If the output fits a card or a form, it should be one. Let the agent return a tidy block I can act on or scan quickly; keep the conversation for context and why. Small components, strict props, no surprises.

Artificial Intelligence
September 16, 2025

Here’s how I want it to work. Ask me questions in chat, then hand me a small UI when the shape is clear, whether to act or just to see it clean. That switch makes the product feel fast.

The point

Chat is great for fuzzy questions. It is bad for predictable tasks. If the result already looks like a card, a table, a form, a picker, or a confirmation, use UI. “UI in the loop” is the moment the agent switches from text to interface. Same conversation, less friction.

What I mean by “UI in the loop”

The agent plans as usual. Before sending, it decides: text, UI, or hybrid.
If it picks UI, it emits a declarative spec: components and props from a small, boring palette.
The host app validates the spec, renders, and routes events (click, change, submit) back to the agent.
If anything is unsafe or malformed, the host falls back to plain text.

I am not asking the model to write React. It fills a schema that maps to a fixed set of components.

The napkin sketch

The agent with a UI router. Use a few blunt rules to decide if UI cuts steps: the answer has a stable visual shape; we’re listing comparable items; we need structured input; or we’re asking for confirmation. If any apply, prefer UI. If the user says “explain”, switch to text.
The palette. Keep a tiny allow list that covers most flows: Card, List, Table, Image, Button, Tabs, Dialog, Form, Select, Range, Rating, Pagination, Sheet. Strict props. No custom code. No CSS from the model. Theme comes from the host.
The host renderer. Validate the spec against a schema, map entries to real components, and wire events back to the agent. Handle attribution, domains, and safe links. If validation fails, show a graceful text fallback.

That is it. A switch, a palette, a renderer.

Where UI beats text for agents

Lists with actions. Products, posts, flights, jobs. Sorting and filtering in the UI, not by rewriting a paragraph.
Short forms and wizards. Collect two fields and a date. Show a summary. Confirm.
Comparisons. A table with highlighted differences is faster than pages of prose.
Scheduling. Time slots, constraints, and a confirm button.
Triage. Email or ticket queues with quick actions.

If the user asks “why” or “how”, return to text. The switch is cheap.

Trust and branding without chaos: a small manifest file

If an agent shows content from a site, that site should have a say in how it appears. The web already has patterns like robots.txt, security.txt, and oEmbed discovery.

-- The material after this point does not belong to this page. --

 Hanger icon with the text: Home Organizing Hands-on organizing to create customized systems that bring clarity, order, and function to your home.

We can use the same idea for agent UIs.

Call it /.well-known/agent-ui.json.

What it does:

Lets a site publish brand tokens and display rules for how its content should look inside agent UI blocks.
Tells clients what components and props are acceptable for that domain, and which actions are allowed (View, Compare, Save). Buying or posting on behalf of the user should require an explicit policy.
Provides image and link hygiene: allowed CDNs, max image size, link requirements, attribution.

The client app stays in control. Users can opt in or out per site or globally. If the manifest is missing or blocked, render with a neutral theme.

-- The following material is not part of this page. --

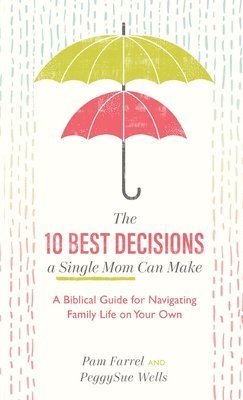 bokomslag 10 Best Decisions a Single Mom Can Make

How the decision gets made

Rules I like:

If the answer is a set of similar items, return a List or Table.
If the user needs to pick or confirm, return a Form or Dialog.
If the user wants to learn or reason, return text.
If the user flips between explore and explain, let them switch the mode.
Keep UI blocks small and scoped. One job at a time.

Anti-patterns

Making the model write UI code. It will be brittle and unsafe.
Dumping a dashboard into chat. Keep it tight.
Letting unknown domains inject theme or scripts.
UI that traps the user. Always offer a text path.

Why now

Agent chat has matured enough that the friction points are obvious. People expect to click, not copy. Design systems make small palettes cheap. Well-known discovery patterns exist. We can add UI to the loop without inventing a new web.

For now, keep the rule simple: if the answer has a shape or needs input, render UI. If not, talk.